So I was listening to NPR this morning and was happy to hear the news that a federal suit is going to be filed in an effort to overturn DOMA —the fantastically misnamed Defense of Marriage Act. Of course, one of the opponents to a judicial overturn, a member of one of the many conservative groups out there — which one I can’t recall, something with “Alliance” in it — noted that in order to prevent the overturn, all that is needed is to show that there is a rational basis for limiting marriage to mixed-sex couples; and, of course, he said that procreation was such a rational basis.
The problem is that if something is the raison d’être (the rationale or basis) for granting a legal status, the condition for the status and all that goes with it — in this case the rights and responsibilities of marriage — should relate to all who seek that status. Even more importantly, such a rational basis for a status requires a higher standard of proof if you are going to exclude people from that status on that basis.

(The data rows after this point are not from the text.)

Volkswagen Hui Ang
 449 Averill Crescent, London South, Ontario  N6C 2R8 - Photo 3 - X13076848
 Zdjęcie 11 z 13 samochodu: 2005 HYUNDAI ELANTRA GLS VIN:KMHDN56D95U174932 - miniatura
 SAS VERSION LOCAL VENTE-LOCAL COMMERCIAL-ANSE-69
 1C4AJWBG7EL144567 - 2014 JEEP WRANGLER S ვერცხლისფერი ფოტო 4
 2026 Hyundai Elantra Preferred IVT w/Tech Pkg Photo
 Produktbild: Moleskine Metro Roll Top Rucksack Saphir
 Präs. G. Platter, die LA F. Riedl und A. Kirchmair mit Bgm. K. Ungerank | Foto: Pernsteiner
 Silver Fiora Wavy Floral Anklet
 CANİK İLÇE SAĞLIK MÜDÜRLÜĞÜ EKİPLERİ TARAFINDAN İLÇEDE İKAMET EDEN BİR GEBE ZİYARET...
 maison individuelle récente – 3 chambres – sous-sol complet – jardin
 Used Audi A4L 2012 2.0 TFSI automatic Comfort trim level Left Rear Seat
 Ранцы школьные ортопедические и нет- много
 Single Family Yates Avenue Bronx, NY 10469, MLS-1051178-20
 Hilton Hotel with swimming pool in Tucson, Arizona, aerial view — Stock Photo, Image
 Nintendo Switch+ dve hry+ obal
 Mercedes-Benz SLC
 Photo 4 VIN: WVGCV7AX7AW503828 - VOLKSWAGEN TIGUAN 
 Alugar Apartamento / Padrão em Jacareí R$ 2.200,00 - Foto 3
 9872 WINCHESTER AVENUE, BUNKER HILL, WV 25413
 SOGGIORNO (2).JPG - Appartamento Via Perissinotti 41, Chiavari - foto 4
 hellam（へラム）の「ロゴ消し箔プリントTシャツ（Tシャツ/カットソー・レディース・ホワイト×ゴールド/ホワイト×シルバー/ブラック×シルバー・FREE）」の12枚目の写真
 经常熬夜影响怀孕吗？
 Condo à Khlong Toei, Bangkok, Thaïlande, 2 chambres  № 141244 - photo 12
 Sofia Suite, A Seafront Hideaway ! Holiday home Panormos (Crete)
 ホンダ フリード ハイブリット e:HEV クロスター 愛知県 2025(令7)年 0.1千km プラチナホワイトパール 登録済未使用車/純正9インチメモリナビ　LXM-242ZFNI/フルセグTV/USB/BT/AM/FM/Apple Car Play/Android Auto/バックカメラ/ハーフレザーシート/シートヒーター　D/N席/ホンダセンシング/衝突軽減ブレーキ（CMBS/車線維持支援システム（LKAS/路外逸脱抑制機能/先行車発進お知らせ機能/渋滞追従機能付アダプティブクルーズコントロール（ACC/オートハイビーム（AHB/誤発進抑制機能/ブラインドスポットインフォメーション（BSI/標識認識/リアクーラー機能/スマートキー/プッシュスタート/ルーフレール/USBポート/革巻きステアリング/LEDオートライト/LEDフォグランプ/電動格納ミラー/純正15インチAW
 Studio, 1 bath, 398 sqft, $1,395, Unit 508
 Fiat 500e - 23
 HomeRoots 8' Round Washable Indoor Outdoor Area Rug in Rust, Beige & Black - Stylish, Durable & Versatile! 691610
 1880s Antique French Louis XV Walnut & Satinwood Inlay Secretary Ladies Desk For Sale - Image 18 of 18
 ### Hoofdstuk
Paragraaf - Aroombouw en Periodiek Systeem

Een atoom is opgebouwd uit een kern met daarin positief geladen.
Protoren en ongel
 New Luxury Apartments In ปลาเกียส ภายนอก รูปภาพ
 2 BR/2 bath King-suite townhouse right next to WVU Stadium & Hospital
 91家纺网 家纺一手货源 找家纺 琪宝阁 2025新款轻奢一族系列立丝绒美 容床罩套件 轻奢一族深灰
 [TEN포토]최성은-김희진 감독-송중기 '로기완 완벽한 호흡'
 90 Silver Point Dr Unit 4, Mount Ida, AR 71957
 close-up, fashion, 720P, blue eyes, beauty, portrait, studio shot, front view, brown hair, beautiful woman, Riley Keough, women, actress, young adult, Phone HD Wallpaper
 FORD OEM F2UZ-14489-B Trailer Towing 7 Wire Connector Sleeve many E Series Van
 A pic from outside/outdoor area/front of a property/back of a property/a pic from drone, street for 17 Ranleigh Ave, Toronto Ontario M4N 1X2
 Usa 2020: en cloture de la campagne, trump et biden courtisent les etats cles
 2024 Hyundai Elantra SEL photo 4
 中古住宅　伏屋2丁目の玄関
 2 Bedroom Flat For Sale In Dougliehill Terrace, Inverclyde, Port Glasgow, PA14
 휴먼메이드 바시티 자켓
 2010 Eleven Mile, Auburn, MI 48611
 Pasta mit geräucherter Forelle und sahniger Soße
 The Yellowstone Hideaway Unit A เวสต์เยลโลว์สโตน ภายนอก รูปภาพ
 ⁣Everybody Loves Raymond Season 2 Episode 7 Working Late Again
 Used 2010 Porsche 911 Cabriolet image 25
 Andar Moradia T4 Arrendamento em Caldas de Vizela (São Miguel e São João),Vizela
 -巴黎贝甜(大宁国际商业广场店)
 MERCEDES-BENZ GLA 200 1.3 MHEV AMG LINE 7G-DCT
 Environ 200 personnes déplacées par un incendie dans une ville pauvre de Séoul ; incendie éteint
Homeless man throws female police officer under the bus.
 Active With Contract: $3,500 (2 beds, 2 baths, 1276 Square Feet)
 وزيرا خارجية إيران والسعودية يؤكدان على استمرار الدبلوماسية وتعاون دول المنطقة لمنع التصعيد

As I have pointed out many times before, procreation can take place apart from marriage and marriage from procreation. People who are incapable of procreation are not excluded from obtaining the legal status of marriage. In fact, in five states of the Union (AZ IL IN UT WI), the law permits marriage to first cousins only on the conditions either of advanced age or infertility or both — procreation is effectively forbidden in the case of these marriages! So it can hardly form a rational basis for them.
More importantly, many if not most of the benefits and responsibilities of marriage have no necessary connection with procreation: Social Security and disability benefits, visitation rights, pensions for surviving spouses, inheritance rights, tax status, and so on. These things all apply whether one has children or not, and whether one is capable of having children or not.
To argue that procreation is a rational basis for marriage that only applies in certain circumstances (and thus, hardly a basis), or that a factor that applies only in some marriages has greater importance than factors more likely to be important to all marriages (and thus, hardly rational) — is baseless and irrational.
The real rational basis for marriage is far simpler, though the state might want to avoid the religious overtones: it is not good for the human to be alone (Genesis 2:18) and two are better than one. (Ecclesiastes 4:9). Seems rational to me...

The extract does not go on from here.